I thought about doing something like you mention, but wanted it to rest on the table when opening worried about weight in the draw causing it to possibly tip over.

Possibility of it tipping over is low but any slight tilt forward I would be worried about the guns shifting and hitting.

Hopefully that makes sense.


----------



## StephenM (Dec 26, 2012)

How did you do the felt/material at the top?  I'm on the board of directors for our local historical society and need to make a rifle rack for 4 Hawkens and a Kentucky.


----------



## hanau (Dec 27, 2012)

StephenM said:


> How did you do the felt/material at the top?  I'm on the board of directors for our local historical society and need to make a rifle rack for 4 Hawkens and a Kentucky.
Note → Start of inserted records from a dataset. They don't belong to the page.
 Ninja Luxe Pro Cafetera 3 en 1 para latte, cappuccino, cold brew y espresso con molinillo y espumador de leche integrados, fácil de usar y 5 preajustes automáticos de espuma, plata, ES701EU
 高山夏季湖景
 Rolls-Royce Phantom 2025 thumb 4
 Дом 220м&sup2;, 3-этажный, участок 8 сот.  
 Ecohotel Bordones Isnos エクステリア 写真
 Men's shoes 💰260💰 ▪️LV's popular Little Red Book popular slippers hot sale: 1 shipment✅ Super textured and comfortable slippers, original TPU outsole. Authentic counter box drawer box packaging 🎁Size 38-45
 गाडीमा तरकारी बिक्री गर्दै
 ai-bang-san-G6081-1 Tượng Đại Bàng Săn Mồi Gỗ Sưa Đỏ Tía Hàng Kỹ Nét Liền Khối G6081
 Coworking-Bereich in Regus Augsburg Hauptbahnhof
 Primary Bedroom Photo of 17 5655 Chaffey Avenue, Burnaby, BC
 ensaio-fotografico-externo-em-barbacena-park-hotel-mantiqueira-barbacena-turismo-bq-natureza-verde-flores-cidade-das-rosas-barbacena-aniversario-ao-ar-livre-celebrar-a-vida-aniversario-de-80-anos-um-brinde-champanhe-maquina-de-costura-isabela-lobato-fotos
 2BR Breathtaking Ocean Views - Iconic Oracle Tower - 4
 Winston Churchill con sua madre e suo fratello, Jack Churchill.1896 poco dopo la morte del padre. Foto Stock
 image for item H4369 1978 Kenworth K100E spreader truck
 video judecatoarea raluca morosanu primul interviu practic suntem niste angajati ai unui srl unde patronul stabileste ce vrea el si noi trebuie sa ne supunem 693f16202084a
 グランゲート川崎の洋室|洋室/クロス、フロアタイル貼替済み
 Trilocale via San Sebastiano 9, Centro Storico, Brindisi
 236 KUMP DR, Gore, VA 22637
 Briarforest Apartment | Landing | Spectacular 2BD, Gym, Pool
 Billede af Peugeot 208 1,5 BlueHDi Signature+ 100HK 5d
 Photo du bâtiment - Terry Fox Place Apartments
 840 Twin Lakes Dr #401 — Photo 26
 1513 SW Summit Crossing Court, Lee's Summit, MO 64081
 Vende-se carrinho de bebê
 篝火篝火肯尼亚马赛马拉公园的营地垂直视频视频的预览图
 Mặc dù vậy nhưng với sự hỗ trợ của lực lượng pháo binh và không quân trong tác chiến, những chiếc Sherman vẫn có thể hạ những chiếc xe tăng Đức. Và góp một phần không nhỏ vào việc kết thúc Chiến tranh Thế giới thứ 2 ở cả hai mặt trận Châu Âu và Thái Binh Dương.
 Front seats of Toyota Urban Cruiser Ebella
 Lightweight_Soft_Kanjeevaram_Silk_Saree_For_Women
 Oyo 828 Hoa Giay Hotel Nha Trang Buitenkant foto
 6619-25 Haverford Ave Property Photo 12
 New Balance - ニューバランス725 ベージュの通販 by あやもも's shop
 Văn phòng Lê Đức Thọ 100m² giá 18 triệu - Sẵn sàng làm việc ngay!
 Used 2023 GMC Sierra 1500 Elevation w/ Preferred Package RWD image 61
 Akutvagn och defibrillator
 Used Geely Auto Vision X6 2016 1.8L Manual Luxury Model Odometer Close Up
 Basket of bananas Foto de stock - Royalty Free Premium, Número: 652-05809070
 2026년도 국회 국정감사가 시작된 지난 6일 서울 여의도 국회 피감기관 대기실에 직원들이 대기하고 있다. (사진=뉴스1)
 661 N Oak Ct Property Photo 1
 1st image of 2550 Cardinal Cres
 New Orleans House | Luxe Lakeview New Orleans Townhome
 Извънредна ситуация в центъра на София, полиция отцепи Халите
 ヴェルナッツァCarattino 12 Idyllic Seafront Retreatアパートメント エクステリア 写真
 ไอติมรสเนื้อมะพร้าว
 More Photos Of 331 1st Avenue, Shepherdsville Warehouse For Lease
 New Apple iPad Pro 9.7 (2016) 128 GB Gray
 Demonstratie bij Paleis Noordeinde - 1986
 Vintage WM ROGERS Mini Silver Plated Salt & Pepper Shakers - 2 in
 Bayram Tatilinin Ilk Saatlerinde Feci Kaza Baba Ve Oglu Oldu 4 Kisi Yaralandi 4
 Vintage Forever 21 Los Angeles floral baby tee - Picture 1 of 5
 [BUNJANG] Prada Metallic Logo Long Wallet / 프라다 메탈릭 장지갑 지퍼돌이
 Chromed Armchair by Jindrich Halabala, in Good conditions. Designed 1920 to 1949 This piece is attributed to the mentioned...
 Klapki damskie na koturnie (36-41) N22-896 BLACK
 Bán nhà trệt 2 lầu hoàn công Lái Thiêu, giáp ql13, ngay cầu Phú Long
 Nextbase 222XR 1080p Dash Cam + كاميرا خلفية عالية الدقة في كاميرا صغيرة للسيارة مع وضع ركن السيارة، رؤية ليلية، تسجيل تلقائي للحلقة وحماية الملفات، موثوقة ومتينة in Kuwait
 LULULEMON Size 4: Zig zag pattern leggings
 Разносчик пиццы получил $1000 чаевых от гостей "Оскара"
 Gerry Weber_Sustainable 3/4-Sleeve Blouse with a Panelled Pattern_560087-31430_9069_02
I cut the felt to size and used 3m spray adhesive, i tried the cheaper sprays and always go back to 3m it works better for me.


----------



## PaulDoug (Dec 27, 2012)

Very nice, thanks for the picture of the completed one.  Now I visualize one with a top case on it with glass in the doors.......


----------



## plantman (Dec 27, 2012)

hanau said:


> Jim
> I did attach some stops to back of the draw to keep it from being pulled out.
> You tilt the draw up and pull out at the same time.
> Stops are glued and braided in place.
> ...


 
  Good reasons John !!! You don't know unless you ask why. Thanks  Jim S


----------



## hanau (Dec 27, 2012)

didn't have much to do today so I built another and added some carvings to it.
















Thanks for looking


----------



## Miles42 (Dec 27, 2012)

Wow that is really nicely done.


----------



## rherrell (Dec 28, 2012)

I like it...great job!:biggrin:


----------



## ALA (Dec 28, 2012)

Very nice! Lots of possibilities. This would work nice sitting inside a safe as well. :biggrin:


----------



## plantman (Dec 29, 2012)

John; You added Some carving to it ???  Looks like a lot of some to me. Beautiful work !! Is that Butternut, Walnut, or some other wood. Hand or CNC ??    Jim S


----------



## hanau (Dec 29, 2012)

Thanks all.

Jim It is built out of red oak and the carving where stained cherry. Pictures change the color of it.

I have a carvewright carving machine it took maybe 3 hrs to do all the carvings.


----------